One example of doing better are prediction markets, which I am broadly in favor of. Talking about probabilities and making bets seems to me to be a vastly superior way to do political forecasting than the raw punditry I grew up with. So what about “P(Trump)” and other such things? Why don’t I have the same animosity for prediction markets as I do for P(doom)?

  • Election markets aren’t vague. Most are extremely well operationalized, with clear criteria and timelines. If someone made a market that was similarly vague, and people kept talking about it ad nauseam, I would have similar complaints.

  • In my view, people who are savvy enough to be thinking about prediction markets (outside of sports betting) are usually savvy enough to understand that something like “P(Trump)” exists in the context of a marketplace, and that knowing how someone bet on that market gives only a very limited handle on their beliefs. If people started implying that people with a high P(Trump) should be labeled as “Trumpers,” I would also yell at them.

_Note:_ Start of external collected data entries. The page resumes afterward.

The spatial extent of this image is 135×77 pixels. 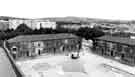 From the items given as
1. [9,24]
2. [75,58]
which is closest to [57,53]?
[75,58]

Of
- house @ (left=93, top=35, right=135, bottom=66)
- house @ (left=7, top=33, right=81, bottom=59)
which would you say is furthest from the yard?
house @ (left=93, top=35, right=135, bottom=66)

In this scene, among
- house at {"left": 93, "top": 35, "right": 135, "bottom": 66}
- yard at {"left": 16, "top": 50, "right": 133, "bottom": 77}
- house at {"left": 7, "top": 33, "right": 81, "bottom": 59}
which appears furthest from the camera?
house at {"left": 7, "top": 33, "right": 81, "bottom": 59}

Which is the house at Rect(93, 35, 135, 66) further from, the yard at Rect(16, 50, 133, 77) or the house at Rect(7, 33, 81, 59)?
the house at Rect(7, 33, 81, 59)

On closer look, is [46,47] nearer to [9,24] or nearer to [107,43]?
[107,43]

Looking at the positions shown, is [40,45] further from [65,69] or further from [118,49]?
[118,49]

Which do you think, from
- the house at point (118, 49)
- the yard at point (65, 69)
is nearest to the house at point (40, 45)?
the yard at point (65, 69)

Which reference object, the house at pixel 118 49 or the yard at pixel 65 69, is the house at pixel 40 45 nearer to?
the yard at pixel 65 69

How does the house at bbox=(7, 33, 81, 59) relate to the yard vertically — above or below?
above

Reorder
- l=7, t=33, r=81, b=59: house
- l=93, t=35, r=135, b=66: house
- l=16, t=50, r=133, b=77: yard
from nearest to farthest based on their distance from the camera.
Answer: l=16, t=50, r=133, b=77: yard, l=93, t=35, r=135, b=66: house, l=7, t=33, r=81, b=59: house

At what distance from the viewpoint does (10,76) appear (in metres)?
18.1

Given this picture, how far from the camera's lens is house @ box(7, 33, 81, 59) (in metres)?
28.5

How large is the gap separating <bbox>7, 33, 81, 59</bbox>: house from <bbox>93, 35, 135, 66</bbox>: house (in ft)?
21.4

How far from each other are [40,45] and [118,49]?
59.0 ft

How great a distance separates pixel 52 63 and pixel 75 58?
599cm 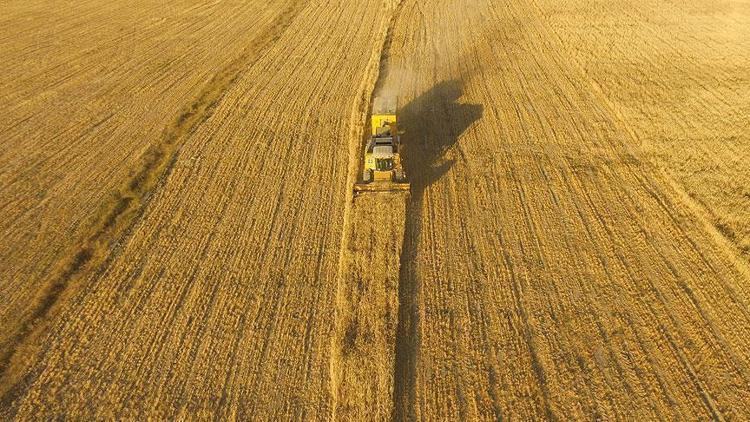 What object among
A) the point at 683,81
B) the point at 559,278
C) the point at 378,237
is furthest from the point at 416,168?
the point at 683,81

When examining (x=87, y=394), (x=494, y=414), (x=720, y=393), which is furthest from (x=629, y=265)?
(x=87, y=394)

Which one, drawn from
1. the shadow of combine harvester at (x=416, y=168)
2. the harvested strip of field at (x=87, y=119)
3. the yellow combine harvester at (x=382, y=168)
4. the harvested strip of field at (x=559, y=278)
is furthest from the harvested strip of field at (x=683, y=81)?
the harvested strip of field at (x=87, y=119)

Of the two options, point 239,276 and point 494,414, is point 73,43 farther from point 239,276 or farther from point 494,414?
point 494,414

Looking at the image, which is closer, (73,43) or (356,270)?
(356,270)

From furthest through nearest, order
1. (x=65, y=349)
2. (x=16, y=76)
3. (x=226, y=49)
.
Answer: (x=226, y=49), (x=16, y=76), (x=65, y=349)

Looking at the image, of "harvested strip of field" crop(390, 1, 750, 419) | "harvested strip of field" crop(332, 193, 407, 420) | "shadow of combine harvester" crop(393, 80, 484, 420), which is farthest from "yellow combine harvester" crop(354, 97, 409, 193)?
"harvested strip of field" crop(390, 1, 750, 419)

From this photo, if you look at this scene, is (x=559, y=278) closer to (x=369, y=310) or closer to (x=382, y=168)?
(x=369, y=310)

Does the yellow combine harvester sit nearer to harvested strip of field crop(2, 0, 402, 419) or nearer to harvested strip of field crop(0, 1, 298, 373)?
harvested strip of field crop(2, 0, 402, 419)

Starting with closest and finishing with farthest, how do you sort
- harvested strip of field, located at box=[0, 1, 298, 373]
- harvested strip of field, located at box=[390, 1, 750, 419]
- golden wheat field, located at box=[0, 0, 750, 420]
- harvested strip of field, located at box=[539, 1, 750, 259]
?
1. harvested strip of field, located at box=[390, 1, 750, 419]
2. golden wheat field, located at box=[0, 0, 750, 420]
3. harvested strip of field, located at box=[0, 1, 298, 373]
4. harvested strip of field, located at box=[539, 1, 750, 259]

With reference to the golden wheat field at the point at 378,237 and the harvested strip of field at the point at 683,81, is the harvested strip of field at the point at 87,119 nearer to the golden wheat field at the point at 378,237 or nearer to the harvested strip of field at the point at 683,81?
the golden wheat field at the point at 378,237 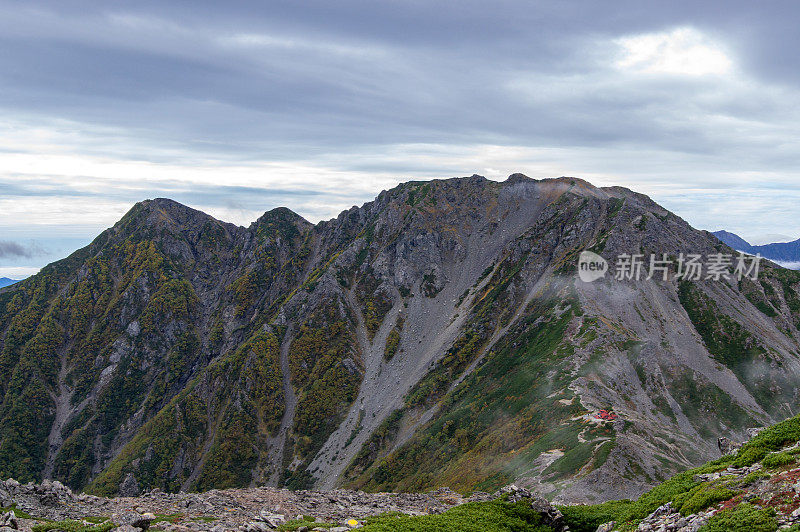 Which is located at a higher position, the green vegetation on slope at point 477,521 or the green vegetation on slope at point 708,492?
the green vegetation on slope at point 708,492

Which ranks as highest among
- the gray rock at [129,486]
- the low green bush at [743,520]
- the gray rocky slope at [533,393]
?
the low green bush at [743,520]

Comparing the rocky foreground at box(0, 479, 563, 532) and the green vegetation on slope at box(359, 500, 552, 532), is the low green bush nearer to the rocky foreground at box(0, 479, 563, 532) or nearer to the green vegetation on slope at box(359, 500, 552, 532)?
the green vegetation on slope at box(359, 500, 552, 532)

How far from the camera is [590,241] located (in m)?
174

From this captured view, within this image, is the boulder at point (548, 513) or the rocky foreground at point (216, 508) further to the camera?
the boulder at point (548, 513)

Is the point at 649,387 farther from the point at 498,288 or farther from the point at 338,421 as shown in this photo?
the point at 338,421

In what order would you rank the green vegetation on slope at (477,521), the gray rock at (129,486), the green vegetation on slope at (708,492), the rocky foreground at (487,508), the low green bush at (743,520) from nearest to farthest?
1. the low green bush at (743,520)
2. the rocky foreground at (487,508)
3. the green vegetation on slope at (708,492)
4. the green vegetation on slope at (477,521)
5. the gray rock at (129,486)

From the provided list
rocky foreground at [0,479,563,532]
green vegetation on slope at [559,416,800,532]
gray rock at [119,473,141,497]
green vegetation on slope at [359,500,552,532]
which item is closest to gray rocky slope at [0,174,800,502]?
gray rock at [119,473,141,497]

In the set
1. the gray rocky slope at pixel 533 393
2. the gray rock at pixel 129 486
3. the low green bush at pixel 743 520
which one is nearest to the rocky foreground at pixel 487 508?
the low green bush at pixel 743 520

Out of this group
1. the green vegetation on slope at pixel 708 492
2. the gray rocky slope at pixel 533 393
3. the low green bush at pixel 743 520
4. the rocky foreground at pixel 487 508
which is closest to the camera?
the low green bush at pixel 743 520

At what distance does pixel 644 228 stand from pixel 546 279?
42.8 metres

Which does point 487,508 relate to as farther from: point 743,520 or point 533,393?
point 533,393

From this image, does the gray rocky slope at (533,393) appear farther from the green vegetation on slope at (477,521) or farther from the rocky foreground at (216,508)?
the green vegetation on slope at (477,521)

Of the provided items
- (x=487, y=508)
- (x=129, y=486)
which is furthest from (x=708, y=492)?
(x=129, y=486)

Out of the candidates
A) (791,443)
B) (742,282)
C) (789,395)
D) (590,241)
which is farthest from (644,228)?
(791,443) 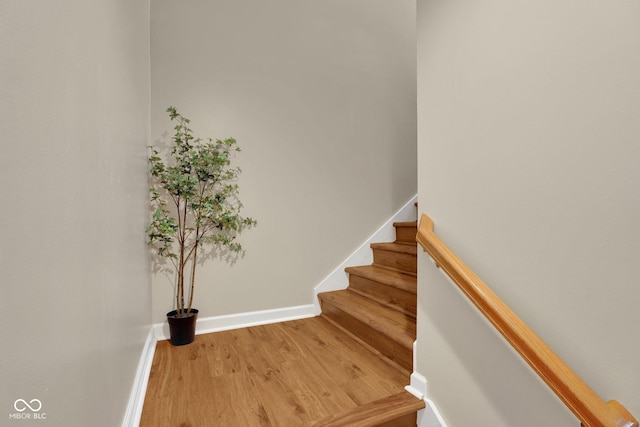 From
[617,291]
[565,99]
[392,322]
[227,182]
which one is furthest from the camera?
[227,182]

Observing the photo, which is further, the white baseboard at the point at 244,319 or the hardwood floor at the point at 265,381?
the white baseboard at the point at 244,319

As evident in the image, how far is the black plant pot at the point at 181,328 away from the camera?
84.2 inches

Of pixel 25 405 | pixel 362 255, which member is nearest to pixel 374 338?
pixel 362 255

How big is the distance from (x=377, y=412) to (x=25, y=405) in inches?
51.4

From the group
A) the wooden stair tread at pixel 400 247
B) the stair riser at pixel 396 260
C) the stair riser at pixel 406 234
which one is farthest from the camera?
the stair riser at pixel 406 234

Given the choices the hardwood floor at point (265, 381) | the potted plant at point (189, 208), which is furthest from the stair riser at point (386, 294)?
the potted plant at point (189, 208)

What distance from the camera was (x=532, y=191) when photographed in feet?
3.40

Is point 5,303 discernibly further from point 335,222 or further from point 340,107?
point 340,107

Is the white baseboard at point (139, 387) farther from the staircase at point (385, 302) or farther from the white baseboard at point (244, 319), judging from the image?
the staircase at point (385, 302)

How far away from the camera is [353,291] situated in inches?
110

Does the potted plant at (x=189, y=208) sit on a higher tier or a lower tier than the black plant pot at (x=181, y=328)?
higher

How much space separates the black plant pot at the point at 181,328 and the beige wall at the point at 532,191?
62.3 inches

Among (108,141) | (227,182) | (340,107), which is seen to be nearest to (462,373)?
(108,141)

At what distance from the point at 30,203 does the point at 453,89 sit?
1.48 meters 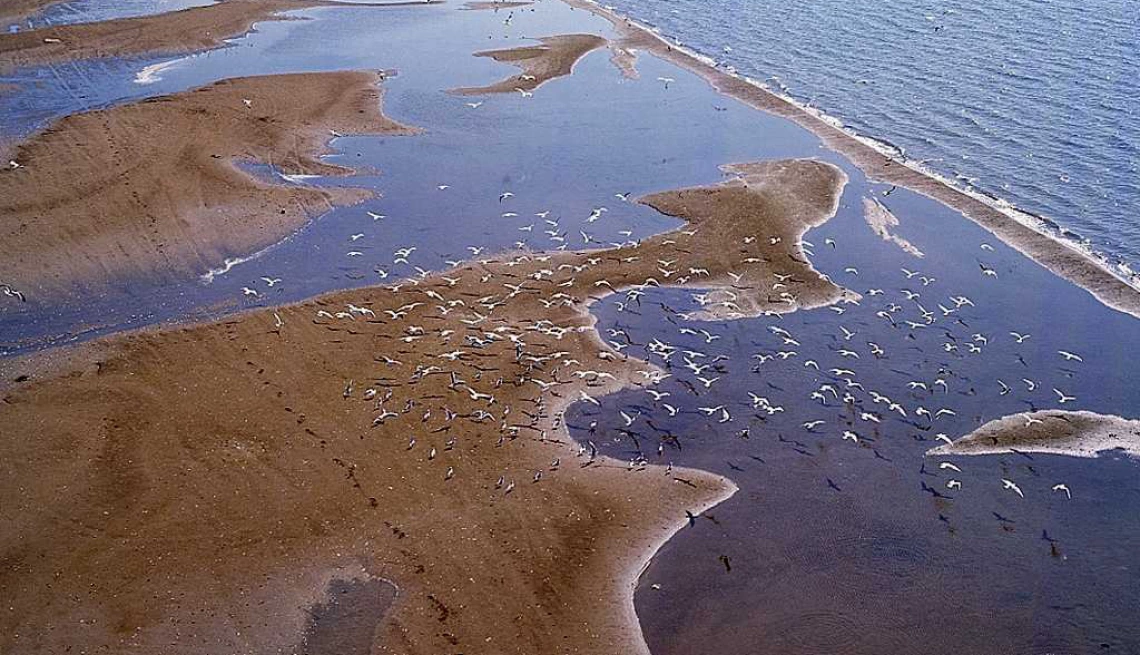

  • When people cite prediction markets (or more typically, polling) as a reason not to vote for the best candidate,[8] I think this is a dumb and bad mistake that is directly analogous to the fatalism surrounding P(doom)! Thankfully, it seems to me that most people understand that their vote matters for deciding elections, even though the market isn’t conditional on one course of action or another.

In short, P(Trump) isn’t a meme that’s rolling around the discourse, causing miscommunication and sloppy thinking. If it was, I’d probably be against it!

A Sense That More Is (Memetically) Possible

P(doom) probably isn’t going away, this side of the singularity. It’s reached critical mass, and will get parroted by midwits, if nothing else. But you don’t have to be a midwit! You can recognize that P(doom) has the flavor of a scissor statement, rather than a nuanced perspective on reality. If someone brings it up in conversation, use it as an opportunity to get into the details of what sorts of futures they’re concretely imagining, what they’re basing that perspective on, and what sorts of things can be done to steer our fate. Refuse to just give simple numbers until things have been sufficiently operationalized. Take the road of rationality, and choose your memes wisely.

image.png
  1. ^

    I gave a mini-version of this rant when I went on his show late last year. While the P(doom) emphasis rubs me the wrong way, I like Doom Debates overall.

  2. ^

    To be fair, some others, including Eliezer, have also complained about it publicly.

  3. ^

    In the hypothetical, we can imagine the ASI is the weakest/​stupidest possible AI that has a real shot at takeover. But thanks to it being right on the cusp, its success isn’t guaranteed, and we happen to get lucky.

  4. ^

    Perhaps by causing society to collapse to the point where the few stragglers in bunkers can’t recover.

  5. ^

    How much? It depends on what “doom” means, of course! 😛

  6. ^

    This idea, and the difference between wizard correctness and kingly correctness, are ideas I picked up from CFAR, with particular thanks to Duncan Sabien. I’m not sure who the first person to develop the ideas was.

  7. ^

    “What are your timelines?” is bad for similar reasons. It’s vague about what we’re talking about. It encourages focusing on bottom-lines, rather than reason or evidence. It denies agency and our power to choose. And it, in practice, often resulted in point estimates, rather than distributions. Like with P(doom), there’s a sophisticated way to do forecasting, which the meme version turns into a cartoon.

  8. ^

    To be clear, I think that some amount of strategic voting is wise. In particular, as long as one is tracking their decision-theoretic reference class and the higher-order effects, I think it’s good to try to estimate how the other voters are leaning and occasionally make compromises that look like voting for the lesser evil. I am rallying against the braindead “What can one vote do?” and “I live in a state where my vote doesn’t matter!” narratives.